◆ **TASK ITEM**: Copy out the listing that follows exactly, dropping every picture.

◆ **COLLECTED DATA**:

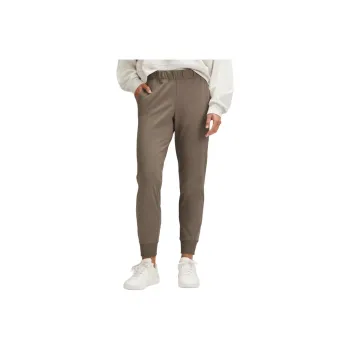Lululemon Luxtreme Casual Pants Women's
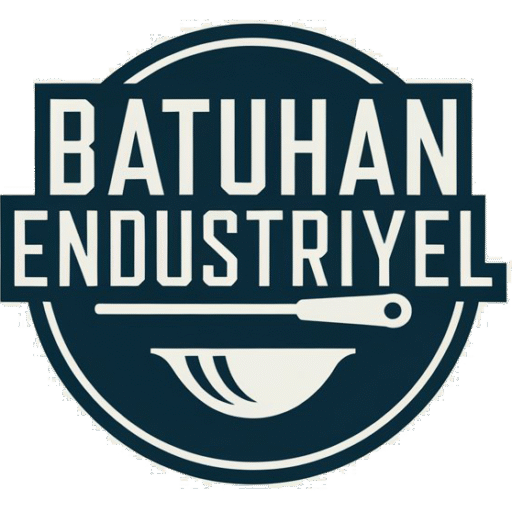 cropped-batuhan-endustriyel-logo.png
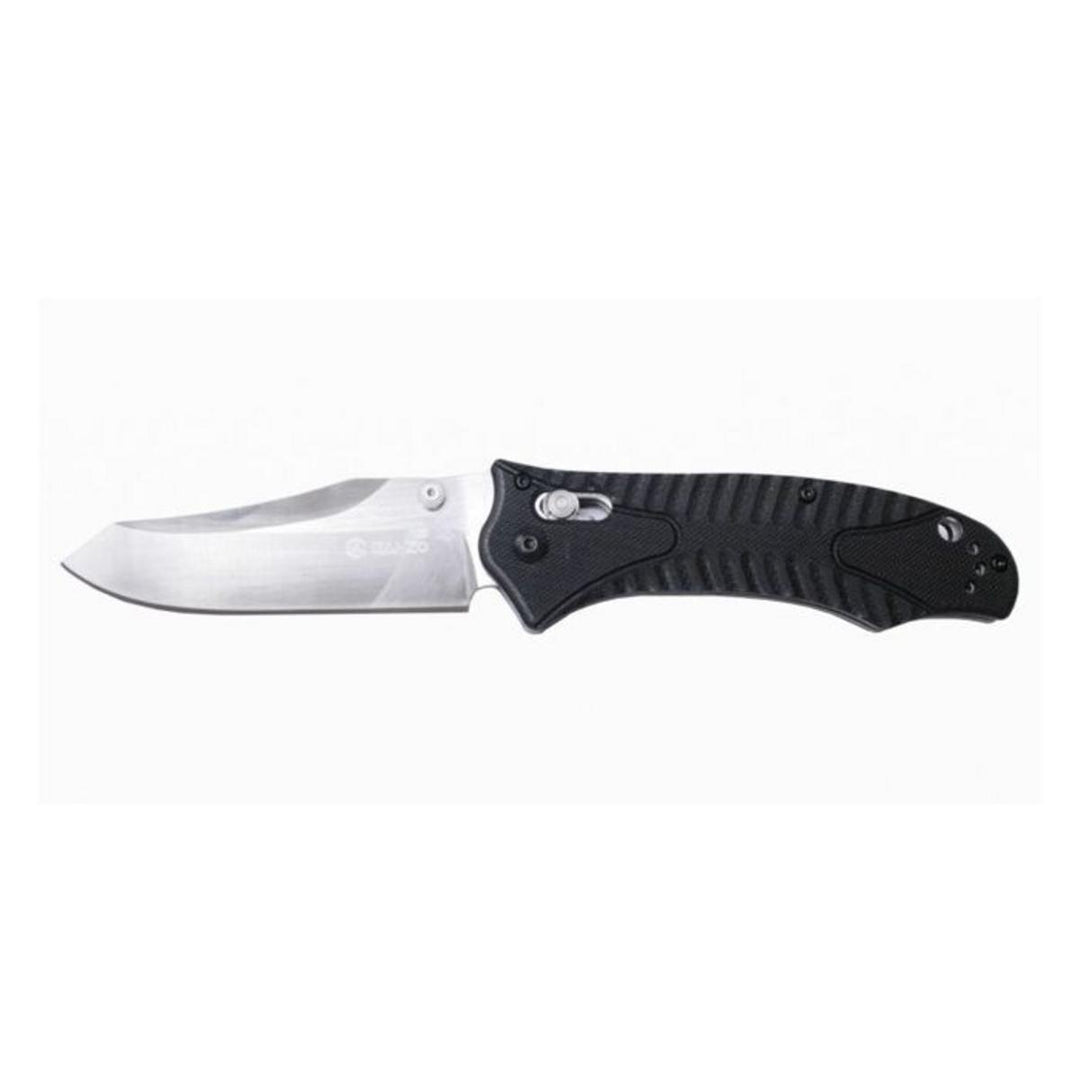 GANZO Knife Firebird F710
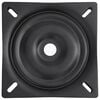 Product Thumbnail Image 10 of 19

◆ **WRITTEN ANSWER**:
Lululemon Luxtreme Casual Pants Women's
 cropped-batuhan-endustriyel-logo.png
 GANZO Knife Firebird F710
 Product Thumbnail Image 10 of 19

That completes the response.